RB: Samat Smakov (Kazakhstan)
Samat Smakov is Kazakhstan's all-time appearance record leader with 76 caps between 2000 and 2016. He was Kazakhstan FF "Best Player of the year" in 2004 and 2008. He played for many clubs in Kazakhstan.  He held FC Aktobe's club record for most Premier League appearances, before being surpassed by Yuri Logvinenko.  He also had a lengthy career with FC Kairat Almaty.  Outside of Kazakhstan, he played two seasons with FC Rostov in Russian Premier League. 
Samat Smakov 
CB: Evgeni Yarovenko (Kazakhstan/USSR)
Evgeni Yarovenko was born in Kazakhstan, Soviet Union as an ethnic Ukrainian.  He was a member of the Soviet Olympic team that won the Gold medal in 1988 Summer Olympics held in Seoul.  He also played twice for the senior national team in 1987. He started with Almaty club FC Kairat in Kazakhstan, where he played from 1983 to 1988.  Then he joined FC Dnipro Dnipropetrovsk and FC Rotor Volgograd. After the breakup of the Soviet Union, he played for many clubs in Russia, Ukraine and Finland. 
Evgeni Yarovenko
CB: Valeri Glushakov (Kazakhstan/USSR)
Born in Kazakhstan under the Soviet Union, Valeri Glushakov was capped at under-21 level by the Soviet Union. In 1977, he made his debut with Spartak Moscow. He moved to Pakhtakor Tashkent FK before joining CSKA Moscow in 1980,  where he would play for them in three different stints. He played in Finland briefly after the breakup the Soviet Union.

CB: Oleg Pashinin (Uzbekistan)
Pashinin played for FC Lokomotiv Moscow from 1992 to 2007 winning two Russian league titles. In 2001, he was sent on a loan to play for Sanfrecce Hiroshima for a half season in the J-League, which was then coached by Russian coach Valery Nepomnyashchy.  He helped the club to reach 3rd place at the second stage of the J-League. He was capped by Uzbekistan 12 times.

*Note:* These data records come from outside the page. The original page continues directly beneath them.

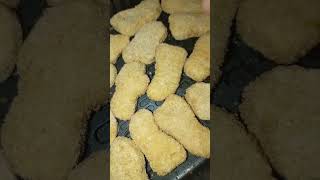 Airfare Nuggets recipe 👌10 mint Part 1 Mfkiduniya412 [upl. by Ydorb528]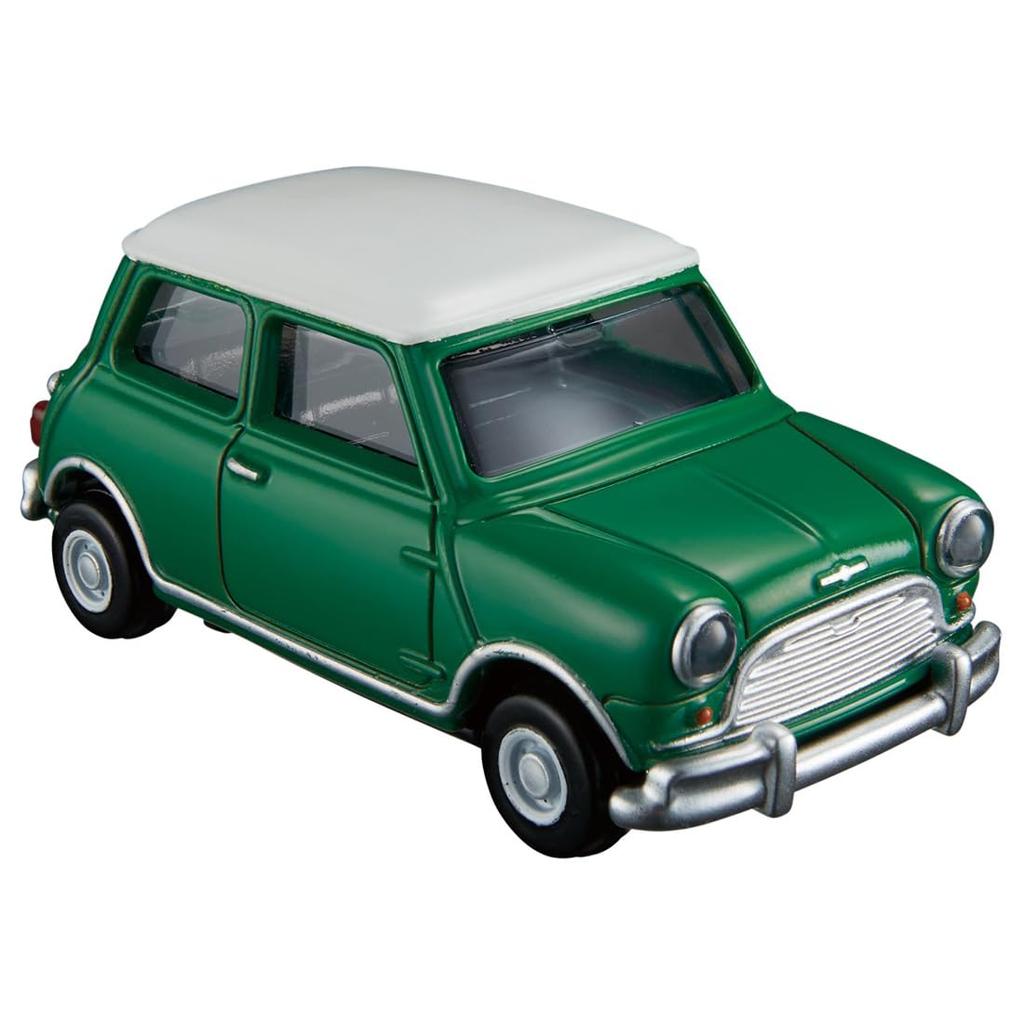 Takara Tomy Tomica PR12 Maurice Mini Premium релиз памятный (Спецификация Томика)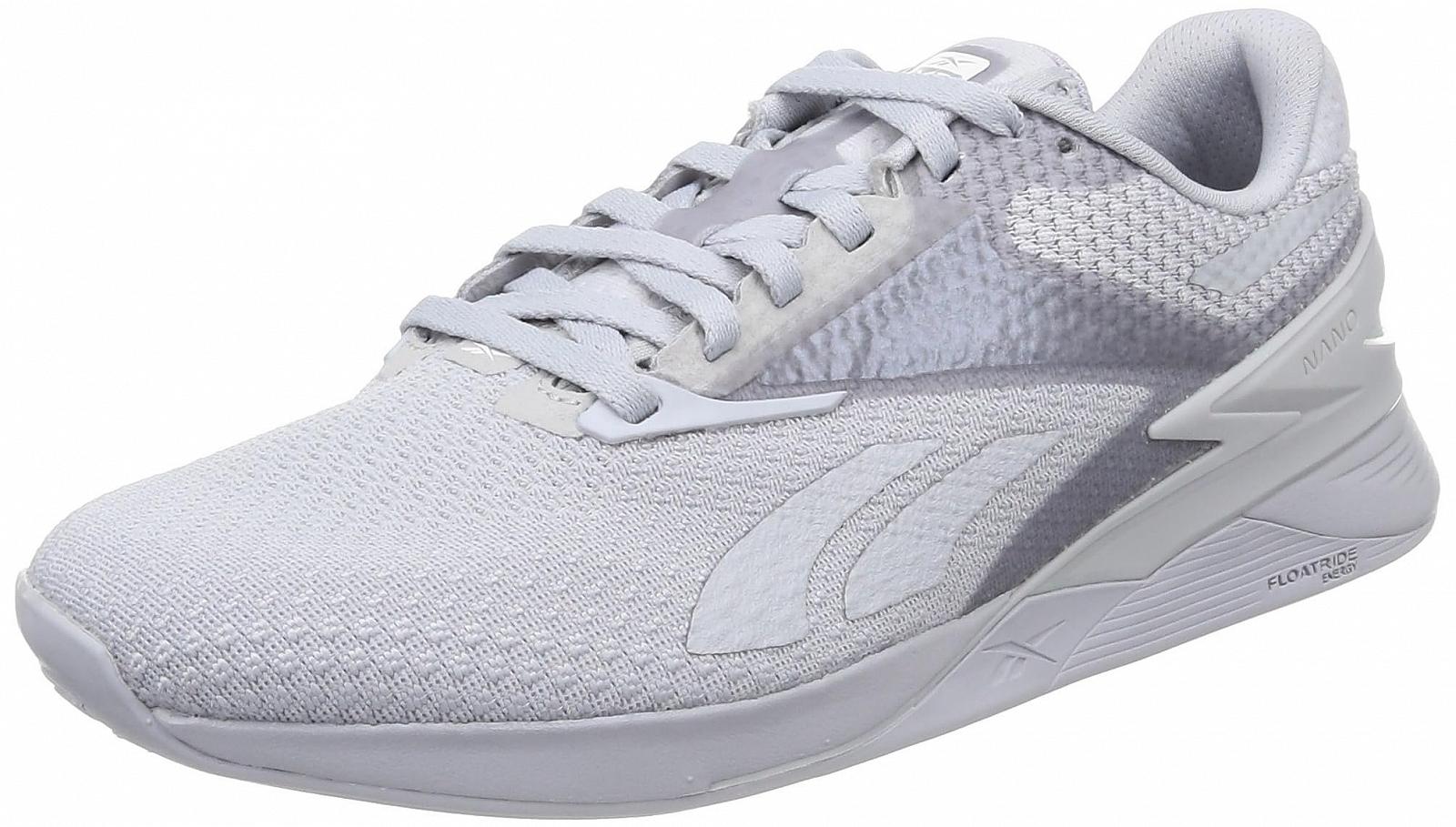 Кросівки Unisex Reebok Nano X3, фото №1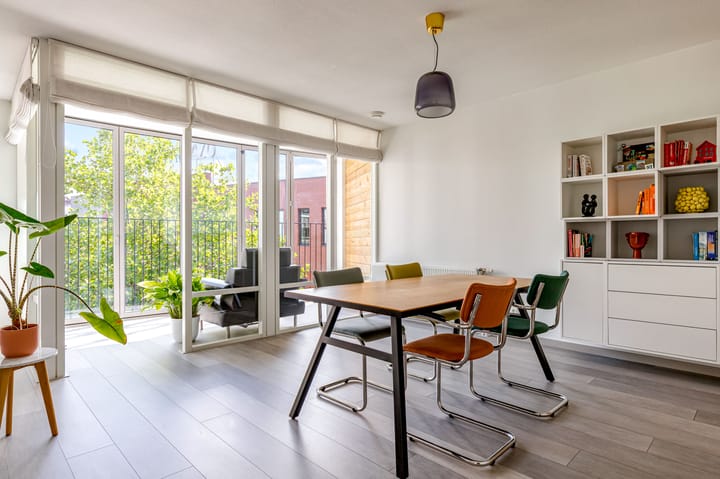 Foto 13 van De Promesse 87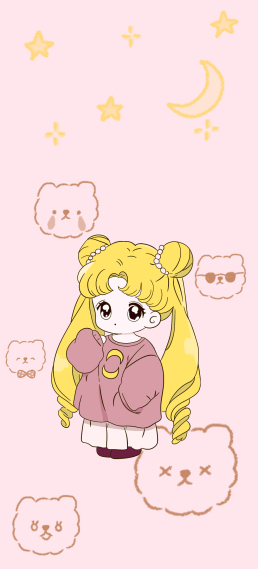 可爱小兔美少女
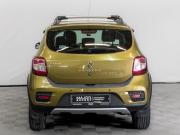 Renault Sandero II Москва  - изображение 35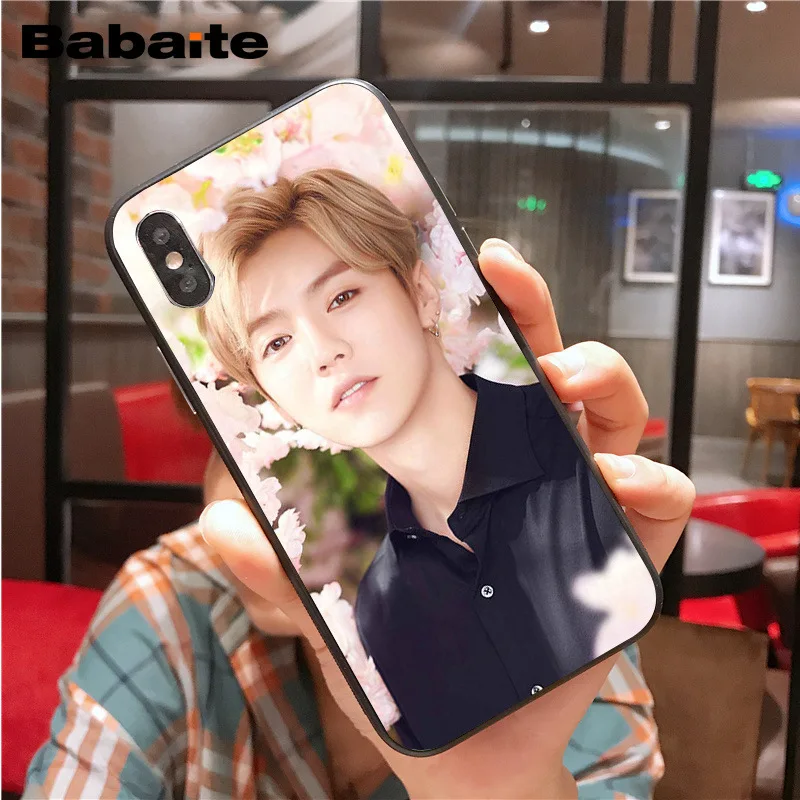 Park Chanyeol EXO Star KPOP EXO LUCKY ONE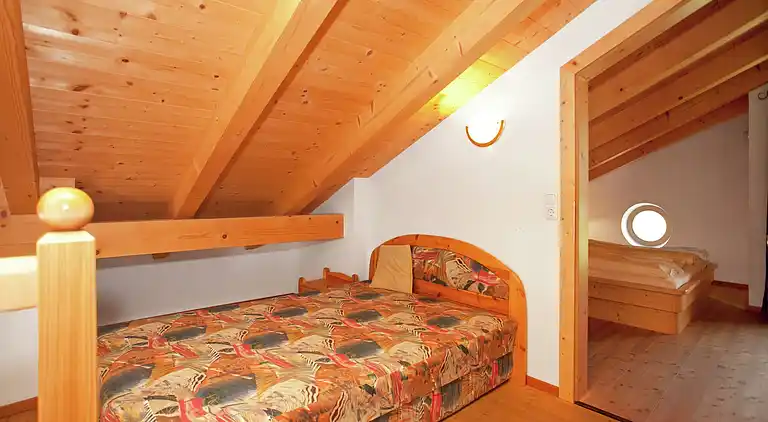 Hytte i Wald im Pinzgau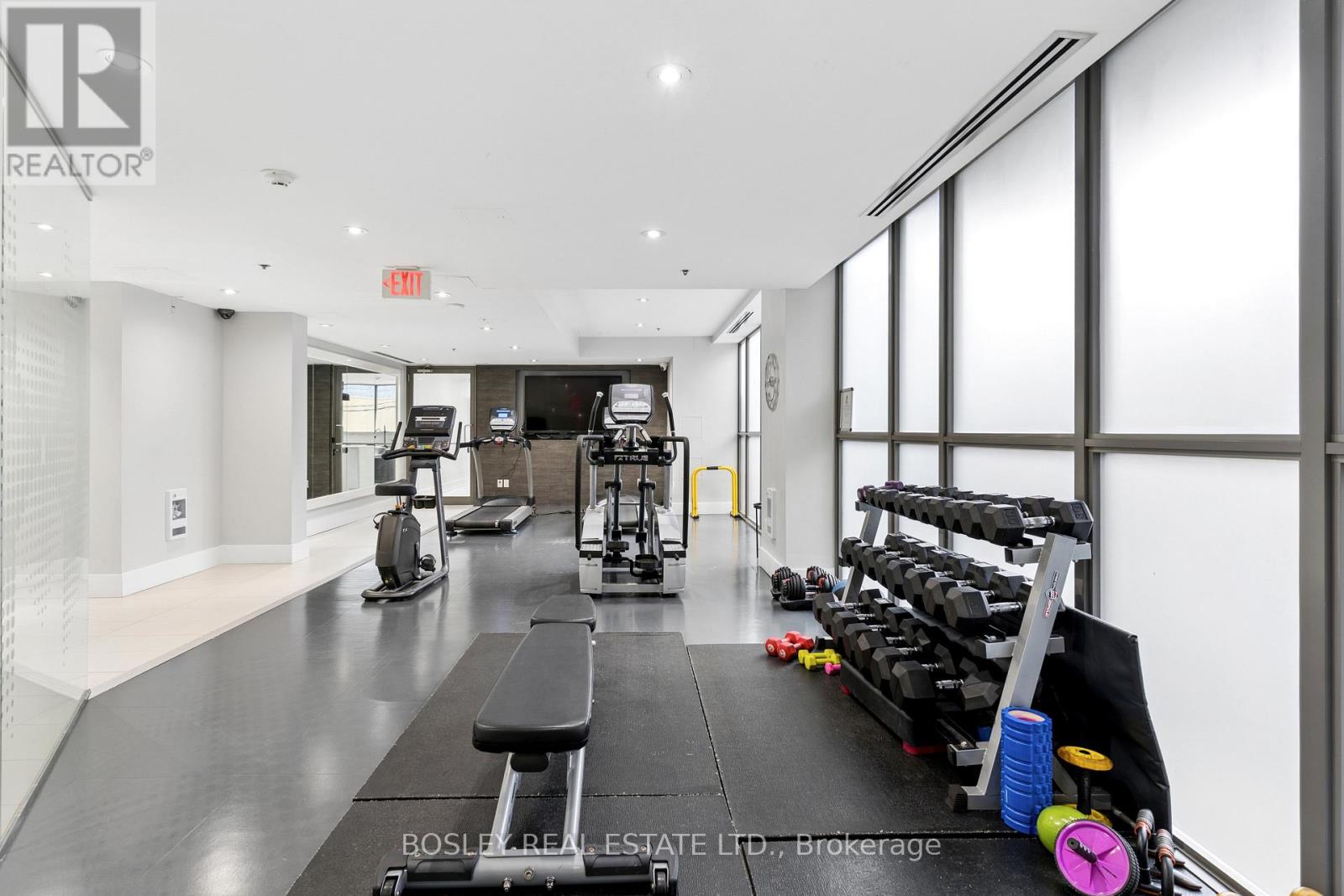 206 - 90 TRINITY STREET, Toronto (Moss Park), Ontario, M5A0E4 — Photo 20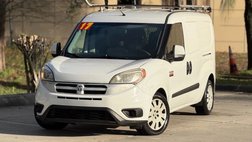 2017 Ram ProMaster City Tradesman SLT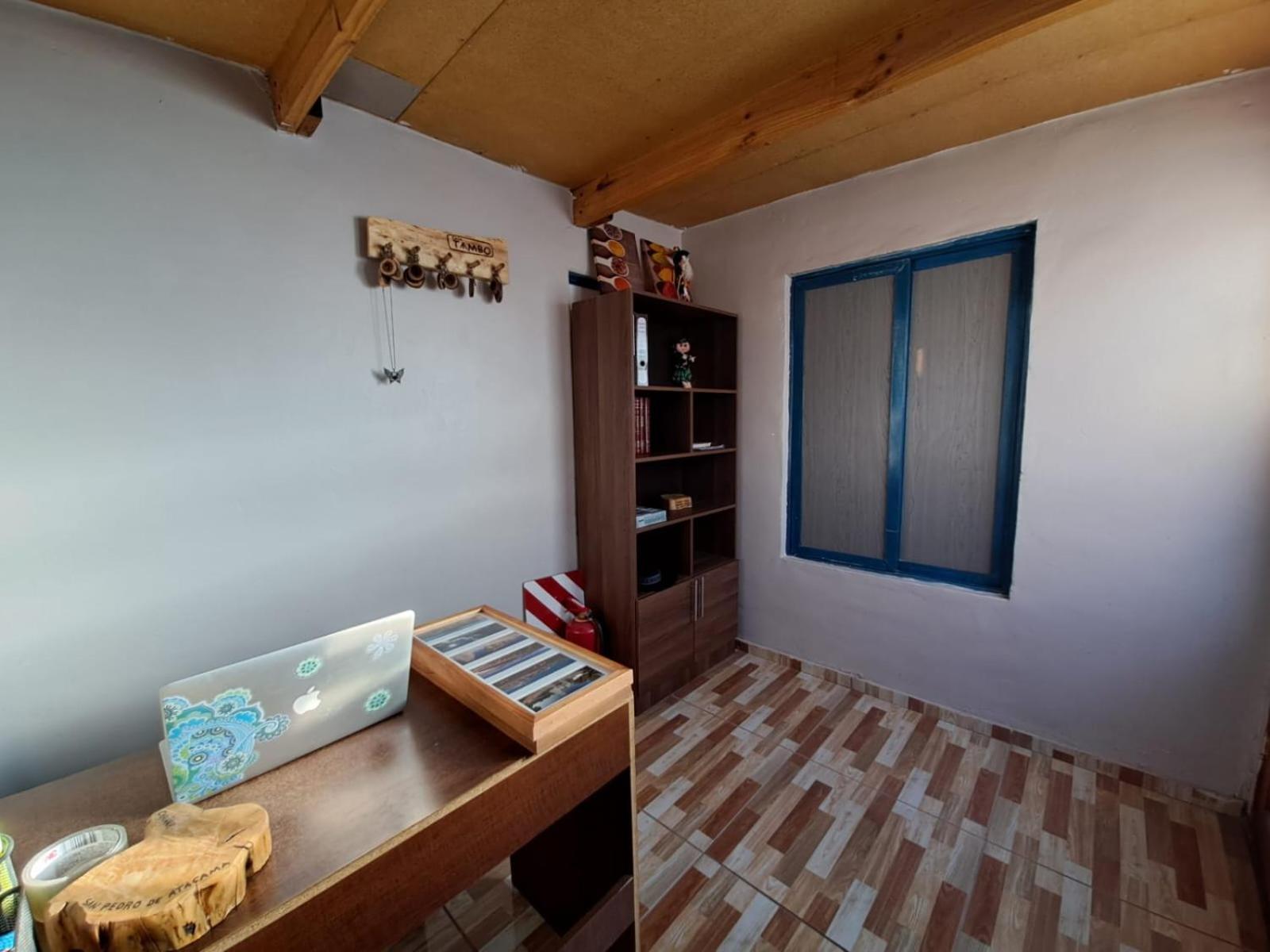 Casa Tambo Ξενοδοχείο Σαν Πέδρο ντε Ατακάμα Εξωτερικό φωτογραφία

SW: Oleksiy Cherednyk (Tajikistan/USSR)
Born in Tajikistan of Ukrainian ethnicity while under the Soviet Union, Oleksiy Cherednyk represented the senior national team of the Soviet Union twice in 1989.  He made his debut against Bulgaria in 1989. He also won the Olympic Gold medal in 1988. At the club level, he played with Pamir Dushanbe and FC Dnipro in the Soviet Union, winning a Soviet league title in 1988.  From 1990-1993, he played with Southampton in England.  He returned to play in Ukraine in 1994 at the end of his career.
Oleksiy Cherednyk 
LB: Sergei Mandreko (Tajikistan/CIS)
Between 1990-1992,  he played for the Pamir Dushanbe, completing in the last two championships of the USSR (1990, 1991) and then in the championship of Tajikistan. In the summer of 1992, he moved Austrian Rapid Wien club in Austria, where he played until 1997. He also played with "Hertha Berlin and Bochum. Internationally,  he capped at senior level by CIS four times. He later also played for both Russia and Tajikistan.

LB: Vitaliy Denisov (Uzbekistan)
He is the son of Gennadi Denisov. In 2007-2013 he played for Dnipro Dnipropetrovsk in Ukrainian Premier League. In 2013, he joined Lokomotiv Moscow, where he is still playing at the time of writing.  He was the Uzbekistan Player of the Year in 2013.  He was voted Best left-back of Russian Football Premier League in 2014.  He is capped 73 times for Uzbekistan.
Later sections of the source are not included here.